» **WHAT IS BEING ASKED**
From the top of the records below, return each line exactly, ending with the line that contains "1-к квартира, вторичка, 42м2, 1/5 этаж".

(Dataset entries)
+--
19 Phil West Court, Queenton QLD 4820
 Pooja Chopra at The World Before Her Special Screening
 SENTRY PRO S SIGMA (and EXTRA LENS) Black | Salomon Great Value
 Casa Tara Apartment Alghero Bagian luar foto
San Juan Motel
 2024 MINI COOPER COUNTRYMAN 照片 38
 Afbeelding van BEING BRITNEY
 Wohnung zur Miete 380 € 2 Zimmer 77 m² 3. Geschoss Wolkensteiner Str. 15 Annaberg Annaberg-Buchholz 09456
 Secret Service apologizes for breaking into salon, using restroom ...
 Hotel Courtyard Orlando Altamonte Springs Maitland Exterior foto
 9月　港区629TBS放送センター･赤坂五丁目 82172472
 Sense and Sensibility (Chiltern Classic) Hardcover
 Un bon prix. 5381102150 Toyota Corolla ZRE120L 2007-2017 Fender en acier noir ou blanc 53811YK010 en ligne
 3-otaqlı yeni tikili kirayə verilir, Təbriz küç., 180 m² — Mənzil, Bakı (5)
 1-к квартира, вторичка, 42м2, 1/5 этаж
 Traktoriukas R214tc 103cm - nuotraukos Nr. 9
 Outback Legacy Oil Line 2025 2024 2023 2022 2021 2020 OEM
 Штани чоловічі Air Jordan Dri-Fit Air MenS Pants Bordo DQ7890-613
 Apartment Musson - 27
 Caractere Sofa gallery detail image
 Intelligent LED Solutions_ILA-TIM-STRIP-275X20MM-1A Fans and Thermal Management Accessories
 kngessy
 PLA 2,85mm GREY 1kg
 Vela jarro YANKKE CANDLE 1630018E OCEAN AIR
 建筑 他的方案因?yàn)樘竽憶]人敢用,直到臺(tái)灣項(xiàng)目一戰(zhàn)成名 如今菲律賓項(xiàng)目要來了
+--
» **WRITTEN RESPONSE**
19 Phil West Court, Queenton QLD 4820
 Pooja Chopra at The World Before Her Special Screening
 SENTRY PRO S SIGMA (and EXTRA LENS) Black | Salomon Great Value
 Casa Tara Apartment Alghero Bagian luar foto
San Juan Motel
 2024 MINI COOPER COUNTRYMAN 照片 38
 Afbeelding van BEING BRITNEY
 Wohnung zur Miete 380 € 2 Zimmer 77 m² 3. Geschoss Wolkensteiner Str. 15 Annaberg Annaberg-Buchholz 09456
 Secret Service apologizes for breaking into salon, using restroom ...
 Hotel Courtyard Orlando Altamonte Springs Maitland Exterior foto
 9月　港区629TBS放送センター･赤坂五丁目 82172472
 Sense and Sensibility (Chiltern Classic) Hardcover
 Un bon prix. 5381102150 Toyota Corolla ZRE120L 2007-2017 Fender en acier noir ou blanc 53811YK010 en ligne
 3-otaqlı yeni tikili kirayə verilir, Təbriz küç., 180 m² — Mənzil, Bakı (5)
 1-к квартира, вторичка, 42м2, 1/5 этаж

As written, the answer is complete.